* Problem details: Out of the entries that follow, copy each line containing "Color".

== Segment start ==

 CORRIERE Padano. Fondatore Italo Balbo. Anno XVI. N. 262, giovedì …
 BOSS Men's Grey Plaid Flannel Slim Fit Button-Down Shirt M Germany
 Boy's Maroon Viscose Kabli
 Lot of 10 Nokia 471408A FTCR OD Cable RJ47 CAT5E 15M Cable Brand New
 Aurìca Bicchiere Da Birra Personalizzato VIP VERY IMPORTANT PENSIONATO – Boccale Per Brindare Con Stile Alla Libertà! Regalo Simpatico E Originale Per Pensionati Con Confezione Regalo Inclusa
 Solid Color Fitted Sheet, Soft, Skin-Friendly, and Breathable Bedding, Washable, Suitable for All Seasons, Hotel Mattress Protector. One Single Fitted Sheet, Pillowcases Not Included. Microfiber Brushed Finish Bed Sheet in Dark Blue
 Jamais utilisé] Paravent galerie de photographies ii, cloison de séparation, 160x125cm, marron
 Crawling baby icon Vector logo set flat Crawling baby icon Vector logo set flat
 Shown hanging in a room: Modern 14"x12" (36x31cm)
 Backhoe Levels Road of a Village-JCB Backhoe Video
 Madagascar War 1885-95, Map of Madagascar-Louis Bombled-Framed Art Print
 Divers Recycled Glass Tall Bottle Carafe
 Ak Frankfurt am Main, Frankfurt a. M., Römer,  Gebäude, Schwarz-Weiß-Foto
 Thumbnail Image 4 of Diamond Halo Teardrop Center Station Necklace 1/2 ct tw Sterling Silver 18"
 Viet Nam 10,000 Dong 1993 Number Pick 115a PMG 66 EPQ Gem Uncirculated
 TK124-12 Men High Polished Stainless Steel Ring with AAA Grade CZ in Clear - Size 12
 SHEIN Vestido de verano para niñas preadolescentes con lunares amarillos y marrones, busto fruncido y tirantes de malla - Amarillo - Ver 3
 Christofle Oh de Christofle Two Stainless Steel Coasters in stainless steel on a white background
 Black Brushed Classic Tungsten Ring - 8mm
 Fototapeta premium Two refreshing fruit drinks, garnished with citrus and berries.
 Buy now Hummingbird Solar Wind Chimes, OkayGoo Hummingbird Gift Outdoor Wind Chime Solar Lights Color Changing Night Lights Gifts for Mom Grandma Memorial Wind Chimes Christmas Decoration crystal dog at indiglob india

== Segment end ==

* Result for this exercise:
 Solid Color Fitted Sheet, Soft, Skin-Friendly, and Breathable Bedding, Washable, Suitable for All Seasons, Hotel Mattress Protector. One Single Fitted Sheet, Pillowcases Not Included. Microfiber Brushed Finish Bed Sheet in Dark Blue
 Buy now Hummingbird Solar Wind Chimes, OkayGoo Hummingbird Gift Outdoor Wind Chime Solar Lights Color Changing Night Lights Gifts for Mom Grandma Memorial Wind Chimes Christmas Decoration crystal dog at indiglob india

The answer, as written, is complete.